A ce titre, les banques devront servir de modèle résilience pour les autres secteurs économiques.
Pour la gestion de la crise, les banques ont été déjà sollicitées pour le reports d’échéances des crédits pour les entreprises et les particuliers. Pour ces derniers, les banques ont finalement accepté le report sans intérêts intercalaires, ce qui constitue une contribution non négligeable qui pourrait se chiffer à quelques centaines de millions de dinars pour les banques de la place.
La BCT est appelée à assouplir davantage les règles prudentielles pour permettre aux banques de jouer leur rôle de financement de l’économie. En contrepartie, les banques sont appelées à faire davantage preuve de solidarité en prenant part au dispositif d’urgence d’aide aux entreprises afin de pallier leur besoin urgent en financements et de trésorerie à travers notamment :
- L’engagement pour la mise en place de procédures accélérées d’instruction de crédit pour les situations de trésorerie tendues (durée de 3 à 5 jours)
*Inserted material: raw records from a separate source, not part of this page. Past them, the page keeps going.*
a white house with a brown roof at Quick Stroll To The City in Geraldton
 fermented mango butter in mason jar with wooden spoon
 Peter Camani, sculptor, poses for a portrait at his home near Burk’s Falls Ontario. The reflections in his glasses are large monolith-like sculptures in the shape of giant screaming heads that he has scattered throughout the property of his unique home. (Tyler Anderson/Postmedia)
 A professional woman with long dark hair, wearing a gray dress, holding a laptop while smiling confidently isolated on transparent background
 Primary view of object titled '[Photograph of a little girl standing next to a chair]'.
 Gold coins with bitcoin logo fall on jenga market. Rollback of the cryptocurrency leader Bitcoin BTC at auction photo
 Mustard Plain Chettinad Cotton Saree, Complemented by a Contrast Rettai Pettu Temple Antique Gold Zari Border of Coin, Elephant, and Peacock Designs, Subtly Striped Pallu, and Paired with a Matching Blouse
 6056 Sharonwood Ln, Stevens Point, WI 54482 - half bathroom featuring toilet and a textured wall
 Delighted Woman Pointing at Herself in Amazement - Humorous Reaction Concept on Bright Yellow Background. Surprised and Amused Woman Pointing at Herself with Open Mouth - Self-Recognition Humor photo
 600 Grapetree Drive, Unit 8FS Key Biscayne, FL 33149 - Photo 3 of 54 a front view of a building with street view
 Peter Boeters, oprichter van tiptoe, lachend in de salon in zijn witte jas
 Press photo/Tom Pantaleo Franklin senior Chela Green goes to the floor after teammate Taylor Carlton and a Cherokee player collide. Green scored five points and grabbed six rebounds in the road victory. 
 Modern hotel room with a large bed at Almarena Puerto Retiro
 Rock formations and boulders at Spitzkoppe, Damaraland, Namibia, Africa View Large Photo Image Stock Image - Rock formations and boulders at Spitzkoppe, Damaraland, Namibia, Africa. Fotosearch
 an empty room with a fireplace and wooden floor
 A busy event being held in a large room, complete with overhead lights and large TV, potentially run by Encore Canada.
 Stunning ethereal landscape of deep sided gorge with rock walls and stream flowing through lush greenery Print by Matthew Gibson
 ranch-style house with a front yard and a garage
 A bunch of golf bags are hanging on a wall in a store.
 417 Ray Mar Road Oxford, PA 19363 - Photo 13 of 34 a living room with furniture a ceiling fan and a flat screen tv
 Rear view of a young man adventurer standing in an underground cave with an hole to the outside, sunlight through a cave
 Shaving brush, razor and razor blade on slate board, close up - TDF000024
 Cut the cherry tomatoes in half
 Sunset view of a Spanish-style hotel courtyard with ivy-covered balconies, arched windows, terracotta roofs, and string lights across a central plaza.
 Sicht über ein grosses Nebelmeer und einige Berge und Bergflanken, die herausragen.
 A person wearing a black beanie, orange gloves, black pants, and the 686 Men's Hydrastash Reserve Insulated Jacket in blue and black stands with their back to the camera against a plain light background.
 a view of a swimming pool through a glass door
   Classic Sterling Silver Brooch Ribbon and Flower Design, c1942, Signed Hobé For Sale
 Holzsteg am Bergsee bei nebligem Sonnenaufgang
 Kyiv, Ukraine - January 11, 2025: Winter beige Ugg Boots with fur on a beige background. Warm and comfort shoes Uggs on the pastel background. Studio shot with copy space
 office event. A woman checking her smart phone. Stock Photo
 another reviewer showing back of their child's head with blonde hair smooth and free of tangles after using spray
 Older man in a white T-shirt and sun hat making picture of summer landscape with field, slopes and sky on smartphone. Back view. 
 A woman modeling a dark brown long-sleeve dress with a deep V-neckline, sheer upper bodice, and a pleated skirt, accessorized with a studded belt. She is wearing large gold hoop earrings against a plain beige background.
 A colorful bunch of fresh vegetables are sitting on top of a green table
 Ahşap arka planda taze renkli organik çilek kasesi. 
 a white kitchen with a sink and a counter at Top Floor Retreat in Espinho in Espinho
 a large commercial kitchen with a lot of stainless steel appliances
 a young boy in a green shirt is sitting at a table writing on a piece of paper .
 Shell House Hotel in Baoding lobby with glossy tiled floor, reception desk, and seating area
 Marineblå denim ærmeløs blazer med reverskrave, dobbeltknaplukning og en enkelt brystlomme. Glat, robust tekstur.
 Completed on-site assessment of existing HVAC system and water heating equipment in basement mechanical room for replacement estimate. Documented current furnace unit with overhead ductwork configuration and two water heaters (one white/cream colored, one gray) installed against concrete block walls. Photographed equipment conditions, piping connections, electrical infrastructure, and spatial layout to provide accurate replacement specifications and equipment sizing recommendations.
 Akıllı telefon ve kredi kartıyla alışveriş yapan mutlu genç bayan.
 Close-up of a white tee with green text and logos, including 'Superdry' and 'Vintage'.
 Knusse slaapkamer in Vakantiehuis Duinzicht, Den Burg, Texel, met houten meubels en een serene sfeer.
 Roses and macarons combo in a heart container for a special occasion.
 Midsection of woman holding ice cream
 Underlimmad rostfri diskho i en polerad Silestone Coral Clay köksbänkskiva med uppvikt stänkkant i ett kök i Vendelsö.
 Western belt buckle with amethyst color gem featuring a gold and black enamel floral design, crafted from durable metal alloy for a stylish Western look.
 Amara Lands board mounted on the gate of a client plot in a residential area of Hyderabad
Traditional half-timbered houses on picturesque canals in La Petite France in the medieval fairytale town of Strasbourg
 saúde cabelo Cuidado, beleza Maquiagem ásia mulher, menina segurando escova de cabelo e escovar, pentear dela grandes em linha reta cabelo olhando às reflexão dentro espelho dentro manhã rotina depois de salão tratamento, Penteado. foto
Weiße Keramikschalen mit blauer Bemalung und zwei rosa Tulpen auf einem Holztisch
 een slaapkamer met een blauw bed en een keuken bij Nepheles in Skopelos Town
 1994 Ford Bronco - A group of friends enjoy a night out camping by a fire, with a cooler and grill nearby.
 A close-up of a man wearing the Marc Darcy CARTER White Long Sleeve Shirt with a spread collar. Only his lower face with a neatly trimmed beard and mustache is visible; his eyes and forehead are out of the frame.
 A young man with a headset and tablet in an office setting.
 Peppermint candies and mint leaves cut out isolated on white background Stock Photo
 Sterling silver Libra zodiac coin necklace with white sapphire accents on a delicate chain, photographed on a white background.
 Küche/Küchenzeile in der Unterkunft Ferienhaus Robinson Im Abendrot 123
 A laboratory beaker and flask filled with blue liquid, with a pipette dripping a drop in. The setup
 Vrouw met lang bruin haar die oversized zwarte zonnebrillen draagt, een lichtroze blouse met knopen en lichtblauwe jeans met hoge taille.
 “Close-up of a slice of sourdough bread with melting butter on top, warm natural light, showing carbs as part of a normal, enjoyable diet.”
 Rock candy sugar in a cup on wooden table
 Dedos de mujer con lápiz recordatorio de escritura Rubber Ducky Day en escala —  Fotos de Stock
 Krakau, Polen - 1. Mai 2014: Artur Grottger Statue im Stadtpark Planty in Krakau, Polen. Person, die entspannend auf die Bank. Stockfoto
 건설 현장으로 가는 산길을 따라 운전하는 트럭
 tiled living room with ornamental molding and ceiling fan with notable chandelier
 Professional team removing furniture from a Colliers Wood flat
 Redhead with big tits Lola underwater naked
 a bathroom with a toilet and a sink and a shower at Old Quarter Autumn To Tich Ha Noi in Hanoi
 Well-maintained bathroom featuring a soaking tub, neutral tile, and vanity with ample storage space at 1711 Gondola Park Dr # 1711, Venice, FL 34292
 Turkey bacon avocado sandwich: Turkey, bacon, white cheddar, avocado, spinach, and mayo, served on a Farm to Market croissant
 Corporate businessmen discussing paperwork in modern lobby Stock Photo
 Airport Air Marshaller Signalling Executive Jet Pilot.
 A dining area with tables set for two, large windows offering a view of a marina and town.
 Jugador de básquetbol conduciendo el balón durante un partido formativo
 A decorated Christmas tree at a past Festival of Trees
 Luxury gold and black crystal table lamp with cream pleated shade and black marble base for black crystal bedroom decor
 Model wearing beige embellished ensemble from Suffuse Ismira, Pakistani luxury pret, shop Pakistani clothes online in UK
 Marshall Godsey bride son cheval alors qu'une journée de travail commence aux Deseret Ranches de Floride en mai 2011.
- Le relais des mesures gouvernementales auprès des clients à travers notamment le mécanisme de garantie publique. Les banques pourraient être amenées à appliquer une marge et un échéancier homologués par l’Etat et ne pas facturer des frais de gestion pour ces dossiers
- Le soutien actif des entreprises en difficultés en mettant en place un dispositif pour le traitement rapide et en temp réels des demandes de rééchelonnement
- Tout assouplissement de règles prudentiels devra profiter en priorité aux PME et aux secteurs sinistrés.
L’expert-comptable comme tiers de confiance
Le temps nécessaire pour la reprise de l’économie dépendra sans doute de la rapidité de l’action publique pour venir à l’aide des entreprises. L’Etat devra s’affranchir de son reflex de contrôle à priori et allez vers un contrôle à posteriori tout en se basant sur des tiers de confiance.
L’expert-comptable est bien placé pour jouer ce rôle notamment dans la restitution des crédit d’impôts. L’expert-comptable peut également jouer le rôle tiers de confiance entre l’Etat, les banques et les entreprises pour accélérer la mise en ouvre des mécanismes de financement et le contrôle du respect des conditions s’y rattachant.